COR subsequently debited the J.H. Darbie accounts of Beaufort and Nobilis for
the amounts attributable to the Calissio shares Nobilis and Beaufort had sold,
recovering approximately $700,000 each from those accounts. COR later took action to
recover the roughly $3.7 million from J.H. Darbie and its customers, Nobilis and
Beaufort, through FINRA arbitration.
The record shows COR has settled with J.H.
Darbie and J.H. Darbie has agreed to pay COR approximately $1.7 Million. It has an
arbitration award against Nobilis and arbitration with Beaufort is pending.
III.
LAW
A.
Summary Judgment Standards
Summary judgment is appropriate when, viewing the facts and inferences in the
light most favorable to the nonmoving party, “the pleadings, the discovery and
disclosure materials on file, and any affidavits show that there is no genuine issue as to
any material fact and that the movant is entitled to judgment as a matter of law.” Fed.
R. Civ. P. 56(c)(2). The plain language of Rule 56(c) mandates the entry of summary
judgment, after adequate time for discovery and upon motion, against a party who fails
to make a showing sufficient to establish the existence of an element essential to that
13
party’s case, and on which that party will bear the burden of proof at trial. Celotex Corp.
v. Catrett, 477 U.S. 317, 322 (1986). “The movant ‘bears the initial responsibility of
informing the district court of the basis for its motion,’ and must identify ‘those portions
of [the record] . . . which it believes demonstrate the absence of a genuine issue of
material fact.’” Torgerson v. City of Rochester, 643 F.3d 1031, 1042, (8th Cir. 2011) (en
banc) (quoting Celotex, 477 U.S. at 323). If the movant does so, “the nonmovant must
respond by submitting evidentiary materials that set out ‘specific facts showing that
there is a genuine issue for trial.’” Id. (quoting Celotex, 477 U.S. at 324). A “genuine”
issue of material fact exists when “there is sufficient evidence favoring the nonmoving
party for a jury to return a verdict for that party.”
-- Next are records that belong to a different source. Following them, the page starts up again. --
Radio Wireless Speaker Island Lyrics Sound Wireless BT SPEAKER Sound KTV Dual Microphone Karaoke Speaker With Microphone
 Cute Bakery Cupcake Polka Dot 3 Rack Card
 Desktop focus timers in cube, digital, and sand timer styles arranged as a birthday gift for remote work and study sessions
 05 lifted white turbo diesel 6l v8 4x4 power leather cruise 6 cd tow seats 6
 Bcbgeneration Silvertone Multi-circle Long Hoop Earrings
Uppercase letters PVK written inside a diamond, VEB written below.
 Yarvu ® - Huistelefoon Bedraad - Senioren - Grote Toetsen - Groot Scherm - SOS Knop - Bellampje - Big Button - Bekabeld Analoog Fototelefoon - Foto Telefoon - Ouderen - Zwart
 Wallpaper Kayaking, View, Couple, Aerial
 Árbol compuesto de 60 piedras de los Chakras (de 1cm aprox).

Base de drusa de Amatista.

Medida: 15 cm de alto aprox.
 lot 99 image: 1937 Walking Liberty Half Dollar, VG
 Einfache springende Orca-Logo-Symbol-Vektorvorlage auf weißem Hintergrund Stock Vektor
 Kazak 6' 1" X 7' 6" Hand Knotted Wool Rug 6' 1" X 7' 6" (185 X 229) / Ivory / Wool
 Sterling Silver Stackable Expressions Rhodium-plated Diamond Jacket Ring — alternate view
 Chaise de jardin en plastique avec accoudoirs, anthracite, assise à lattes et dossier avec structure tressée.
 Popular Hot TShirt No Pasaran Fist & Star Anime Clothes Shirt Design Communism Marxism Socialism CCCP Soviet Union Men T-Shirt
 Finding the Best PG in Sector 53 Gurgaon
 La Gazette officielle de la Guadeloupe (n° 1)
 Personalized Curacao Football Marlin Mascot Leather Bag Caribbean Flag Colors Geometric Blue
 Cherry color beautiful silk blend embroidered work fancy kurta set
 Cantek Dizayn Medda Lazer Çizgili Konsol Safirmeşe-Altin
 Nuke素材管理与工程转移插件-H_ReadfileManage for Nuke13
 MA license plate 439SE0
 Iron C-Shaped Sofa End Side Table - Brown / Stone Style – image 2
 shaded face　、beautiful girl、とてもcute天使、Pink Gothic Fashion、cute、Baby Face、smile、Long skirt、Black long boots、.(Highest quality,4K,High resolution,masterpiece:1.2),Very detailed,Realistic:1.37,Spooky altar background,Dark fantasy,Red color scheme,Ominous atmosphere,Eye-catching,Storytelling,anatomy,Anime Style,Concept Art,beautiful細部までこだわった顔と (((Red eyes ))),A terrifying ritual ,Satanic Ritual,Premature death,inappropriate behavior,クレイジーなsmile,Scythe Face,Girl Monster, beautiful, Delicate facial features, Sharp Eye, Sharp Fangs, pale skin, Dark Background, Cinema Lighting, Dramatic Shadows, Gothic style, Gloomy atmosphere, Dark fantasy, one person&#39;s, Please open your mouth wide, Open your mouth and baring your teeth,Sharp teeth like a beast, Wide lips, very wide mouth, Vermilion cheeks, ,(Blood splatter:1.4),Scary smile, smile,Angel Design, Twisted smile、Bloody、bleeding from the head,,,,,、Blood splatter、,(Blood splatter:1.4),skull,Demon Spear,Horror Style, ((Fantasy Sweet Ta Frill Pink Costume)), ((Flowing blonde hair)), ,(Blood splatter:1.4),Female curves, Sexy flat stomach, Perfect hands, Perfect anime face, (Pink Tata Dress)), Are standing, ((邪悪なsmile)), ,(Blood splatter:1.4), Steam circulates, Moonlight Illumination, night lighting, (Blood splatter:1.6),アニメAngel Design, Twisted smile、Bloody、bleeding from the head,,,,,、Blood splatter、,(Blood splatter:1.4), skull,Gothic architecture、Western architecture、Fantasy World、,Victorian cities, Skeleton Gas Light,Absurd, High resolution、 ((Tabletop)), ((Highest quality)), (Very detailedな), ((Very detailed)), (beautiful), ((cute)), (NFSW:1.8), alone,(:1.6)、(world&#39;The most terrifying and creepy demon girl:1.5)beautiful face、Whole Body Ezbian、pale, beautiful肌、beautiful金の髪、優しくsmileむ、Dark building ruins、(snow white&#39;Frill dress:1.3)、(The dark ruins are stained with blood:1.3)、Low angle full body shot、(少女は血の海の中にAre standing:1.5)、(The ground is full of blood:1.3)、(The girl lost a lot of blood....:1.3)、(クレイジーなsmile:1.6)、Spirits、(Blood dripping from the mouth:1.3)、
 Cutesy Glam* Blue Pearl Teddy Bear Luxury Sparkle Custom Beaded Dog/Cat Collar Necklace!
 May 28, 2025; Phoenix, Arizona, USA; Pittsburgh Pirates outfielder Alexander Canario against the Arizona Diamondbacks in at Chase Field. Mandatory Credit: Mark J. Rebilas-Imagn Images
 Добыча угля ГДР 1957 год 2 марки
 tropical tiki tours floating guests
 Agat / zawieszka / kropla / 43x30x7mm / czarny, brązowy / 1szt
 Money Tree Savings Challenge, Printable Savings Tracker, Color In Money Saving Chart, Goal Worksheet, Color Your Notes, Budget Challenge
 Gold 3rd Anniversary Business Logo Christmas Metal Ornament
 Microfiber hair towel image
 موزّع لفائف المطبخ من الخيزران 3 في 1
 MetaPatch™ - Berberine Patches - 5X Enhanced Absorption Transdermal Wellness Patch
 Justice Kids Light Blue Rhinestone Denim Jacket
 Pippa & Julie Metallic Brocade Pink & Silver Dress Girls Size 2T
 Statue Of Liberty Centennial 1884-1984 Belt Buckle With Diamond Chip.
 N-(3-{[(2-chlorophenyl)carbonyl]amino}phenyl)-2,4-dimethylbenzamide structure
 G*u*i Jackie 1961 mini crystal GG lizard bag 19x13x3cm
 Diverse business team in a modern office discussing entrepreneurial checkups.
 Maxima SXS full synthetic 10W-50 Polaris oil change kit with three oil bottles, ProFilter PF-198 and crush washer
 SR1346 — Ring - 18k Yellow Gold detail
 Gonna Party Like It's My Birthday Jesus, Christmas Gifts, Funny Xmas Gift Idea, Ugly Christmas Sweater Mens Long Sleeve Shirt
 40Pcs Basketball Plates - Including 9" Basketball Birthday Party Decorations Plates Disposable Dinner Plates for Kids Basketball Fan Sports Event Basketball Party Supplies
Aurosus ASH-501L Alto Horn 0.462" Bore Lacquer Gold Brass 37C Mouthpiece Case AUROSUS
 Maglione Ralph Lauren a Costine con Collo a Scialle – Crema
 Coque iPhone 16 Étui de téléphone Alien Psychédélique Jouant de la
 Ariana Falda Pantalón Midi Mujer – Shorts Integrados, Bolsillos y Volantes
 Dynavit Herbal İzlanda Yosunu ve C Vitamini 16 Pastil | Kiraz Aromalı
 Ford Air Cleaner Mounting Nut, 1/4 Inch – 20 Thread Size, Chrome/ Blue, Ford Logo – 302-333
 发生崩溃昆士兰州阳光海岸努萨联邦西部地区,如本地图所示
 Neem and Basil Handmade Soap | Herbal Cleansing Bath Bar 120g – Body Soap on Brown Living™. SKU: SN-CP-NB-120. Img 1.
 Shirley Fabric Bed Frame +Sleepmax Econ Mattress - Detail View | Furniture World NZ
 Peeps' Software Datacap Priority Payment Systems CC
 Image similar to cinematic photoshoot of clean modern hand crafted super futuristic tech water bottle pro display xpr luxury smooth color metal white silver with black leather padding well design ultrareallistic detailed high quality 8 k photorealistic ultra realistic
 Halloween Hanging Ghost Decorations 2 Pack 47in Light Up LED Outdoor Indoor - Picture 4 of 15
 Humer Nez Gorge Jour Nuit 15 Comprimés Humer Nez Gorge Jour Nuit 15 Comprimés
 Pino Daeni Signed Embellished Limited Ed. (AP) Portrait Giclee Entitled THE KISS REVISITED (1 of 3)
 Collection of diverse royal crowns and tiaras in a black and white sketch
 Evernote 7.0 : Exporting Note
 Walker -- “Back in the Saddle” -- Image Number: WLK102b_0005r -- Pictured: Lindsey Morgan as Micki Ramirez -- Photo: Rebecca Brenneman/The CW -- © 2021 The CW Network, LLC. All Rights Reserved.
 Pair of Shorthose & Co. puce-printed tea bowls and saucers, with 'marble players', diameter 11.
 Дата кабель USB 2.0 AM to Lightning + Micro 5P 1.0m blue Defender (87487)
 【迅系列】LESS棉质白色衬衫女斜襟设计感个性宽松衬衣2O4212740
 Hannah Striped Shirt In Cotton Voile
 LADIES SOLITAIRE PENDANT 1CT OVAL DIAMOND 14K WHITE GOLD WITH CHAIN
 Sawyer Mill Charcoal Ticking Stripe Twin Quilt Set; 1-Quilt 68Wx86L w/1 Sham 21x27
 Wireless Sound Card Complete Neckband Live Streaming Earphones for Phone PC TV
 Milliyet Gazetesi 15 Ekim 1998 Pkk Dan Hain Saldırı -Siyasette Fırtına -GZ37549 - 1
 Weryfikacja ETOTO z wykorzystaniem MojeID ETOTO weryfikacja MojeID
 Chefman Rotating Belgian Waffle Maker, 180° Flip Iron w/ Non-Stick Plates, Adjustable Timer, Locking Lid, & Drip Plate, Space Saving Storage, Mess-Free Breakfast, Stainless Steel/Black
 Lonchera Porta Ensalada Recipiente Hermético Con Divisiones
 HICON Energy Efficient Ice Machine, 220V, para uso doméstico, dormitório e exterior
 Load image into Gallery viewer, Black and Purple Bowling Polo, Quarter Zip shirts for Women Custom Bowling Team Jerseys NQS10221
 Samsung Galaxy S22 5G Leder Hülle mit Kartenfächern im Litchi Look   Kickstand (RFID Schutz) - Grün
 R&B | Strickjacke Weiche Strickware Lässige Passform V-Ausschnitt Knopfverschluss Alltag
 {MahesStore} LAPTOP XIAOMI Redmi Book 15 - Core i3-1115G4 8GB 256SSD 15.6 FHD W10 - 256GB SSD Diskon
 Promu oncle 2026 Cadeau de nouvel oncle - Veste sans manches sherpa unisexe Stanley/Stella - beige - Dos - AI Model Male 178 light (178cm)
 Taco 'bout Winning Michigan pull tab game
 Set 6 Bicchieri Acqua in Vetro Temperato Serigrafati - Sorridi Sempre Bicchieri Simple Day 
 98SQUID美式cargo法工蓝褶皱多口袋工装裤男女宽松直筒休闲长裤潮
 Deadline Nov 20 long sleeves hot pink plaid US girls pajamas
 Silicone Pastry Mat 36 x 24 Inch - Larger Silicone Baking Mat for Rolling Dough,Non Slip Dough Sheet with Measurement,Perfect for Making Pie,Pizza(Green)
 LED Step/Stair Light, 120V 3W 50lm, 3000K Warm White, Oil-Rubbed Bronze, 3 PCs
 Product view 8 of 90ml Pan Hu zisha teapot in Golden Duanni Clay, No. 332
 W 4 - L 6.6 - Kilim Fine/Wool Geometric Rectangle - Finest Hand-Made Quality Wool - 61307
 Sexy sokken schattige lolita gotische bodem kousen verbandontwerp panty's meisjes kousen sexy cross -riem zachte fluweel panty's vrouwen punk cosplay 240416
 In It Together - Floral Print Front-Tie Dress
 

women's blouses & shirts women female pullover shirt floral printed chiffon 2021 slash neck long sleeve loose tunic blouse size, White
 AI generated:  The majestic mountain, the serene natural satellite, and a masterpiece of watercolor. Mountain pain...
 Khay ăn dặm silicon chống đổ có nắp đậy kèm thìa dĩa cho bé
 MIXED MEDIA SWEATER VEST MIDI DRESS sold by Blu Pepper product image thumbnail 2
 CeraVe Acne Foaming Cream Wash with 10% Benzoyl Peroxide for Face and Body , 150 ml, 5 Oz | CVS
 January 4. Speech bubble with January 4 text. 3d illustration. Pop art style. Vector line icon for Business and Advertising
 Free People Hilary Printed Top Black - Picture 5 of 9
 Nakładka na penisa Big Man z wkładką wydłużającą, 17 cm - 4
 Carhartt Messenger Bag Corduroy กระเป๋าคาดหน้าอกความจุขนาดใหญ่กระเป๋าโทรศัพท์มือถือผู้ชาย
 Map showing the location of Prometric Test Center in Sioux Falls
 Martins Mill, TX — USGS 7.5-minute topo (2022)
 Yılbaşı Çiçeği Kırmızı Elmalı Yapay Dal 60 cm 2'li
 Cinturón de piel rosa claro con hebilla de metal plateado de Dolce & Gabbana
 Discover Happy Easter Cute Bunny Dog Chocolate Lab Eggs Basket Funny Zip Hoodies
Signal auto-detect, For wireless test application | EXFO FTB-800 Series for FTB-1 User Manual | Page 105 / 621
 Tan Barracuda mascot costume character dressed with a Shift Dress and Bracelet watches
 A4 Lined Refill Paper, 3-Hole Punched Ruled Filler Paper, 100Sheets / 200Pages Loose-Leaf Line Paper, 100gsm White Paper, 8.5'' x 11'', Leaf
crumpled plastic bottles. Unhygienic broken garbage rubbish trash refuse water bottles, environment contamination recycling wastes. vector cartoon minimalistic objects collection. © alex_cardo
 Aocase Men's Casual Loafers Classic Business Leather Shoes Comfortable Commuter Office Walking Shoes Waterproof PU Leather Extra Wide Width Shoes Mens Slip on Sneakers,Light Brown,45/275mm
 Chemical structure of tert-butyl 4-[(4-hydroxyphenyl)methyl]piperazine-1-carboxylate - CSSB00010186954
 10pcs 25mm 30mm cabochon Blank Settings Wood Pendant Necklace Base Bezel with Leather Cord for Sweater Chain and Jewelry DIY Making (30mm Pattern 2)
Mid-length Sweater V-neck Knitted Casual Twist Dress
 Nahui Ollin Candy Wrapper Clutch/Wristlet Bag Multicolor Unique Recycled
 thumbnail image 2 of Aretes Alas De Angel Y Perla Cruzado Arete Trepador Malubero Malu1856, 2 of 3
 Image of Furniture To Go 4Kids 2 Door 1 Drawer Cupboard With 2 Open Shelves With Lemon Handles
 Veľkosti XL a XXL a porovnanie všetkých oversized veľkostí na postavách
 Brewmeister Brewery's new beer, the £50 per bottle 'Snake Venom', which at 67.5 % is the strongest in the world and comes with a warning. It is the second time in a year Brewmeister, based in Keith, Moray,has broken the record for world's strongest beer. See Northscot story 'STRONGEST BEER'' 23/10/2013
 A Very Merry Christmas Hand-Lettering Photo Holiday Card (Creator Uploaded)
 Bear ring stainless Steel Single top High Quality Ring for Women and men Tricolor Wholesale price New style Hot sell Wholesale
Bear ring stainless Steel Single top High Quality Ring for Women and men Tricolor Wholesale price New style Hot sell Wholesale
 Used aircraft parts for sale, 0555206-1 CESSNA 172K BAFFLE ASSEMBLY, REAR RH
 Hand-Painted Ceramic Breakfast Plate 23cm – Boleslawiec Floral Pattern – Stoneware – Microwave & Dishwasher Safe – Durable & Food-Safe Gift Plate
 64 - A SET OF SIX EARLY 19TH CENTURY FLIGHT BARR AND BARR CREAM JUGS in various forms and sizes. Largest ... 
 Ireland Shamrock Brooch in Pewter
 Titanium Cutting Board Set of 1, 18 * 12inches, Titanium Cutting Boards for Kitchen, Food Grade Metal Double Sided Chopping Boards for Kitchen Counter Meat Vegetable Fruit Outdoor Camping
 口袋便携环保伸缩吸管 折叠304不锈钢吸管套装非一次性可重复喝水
Anderson v. Liberty Lobby, Inc., 477
U.S. 242, 243 (1986).
The evidence must be viewed in the light most favorable to the nonmoving party,
giving the nonmoving party the benefit of all reasonable inferences. Kenney v. Swift
Transp., Inc., 347 F.3d 1041, 1044 (8th Cir. 2003). “Where the unresolved issues are
primarily legal rather than factual, summary judgment is particularly appropriate.”
Koehn v. Indian Hills Cmty. Coll., 371 F.3d 394, 396 (8th Cir. 2004).
B.
FINRA Obligations
FINRA Regulatory Notice 09-05 identifies situations in which broker-dealers and
associated persons (“firms”) should conduct a searching inquiry to comply with their
regulatory obligations under the federal securities laws and FINRA rules. The notice
reminds firms of their responsibilities to ensure that they comply with the federal
securities laws and FINRA rules when participating in unregistered resales of restricted
securities.
The notice obligates firms to take reasonable steps to ensure that the
14
company issuing shares is not a shell corporation. FINRA Regulatory Notice 90-05
(Jan. 2009) at 5. “Failure to conduct appropriate inquiry and respond to red flags may
have consequences under both the federal securities laws and [anti-money laundering]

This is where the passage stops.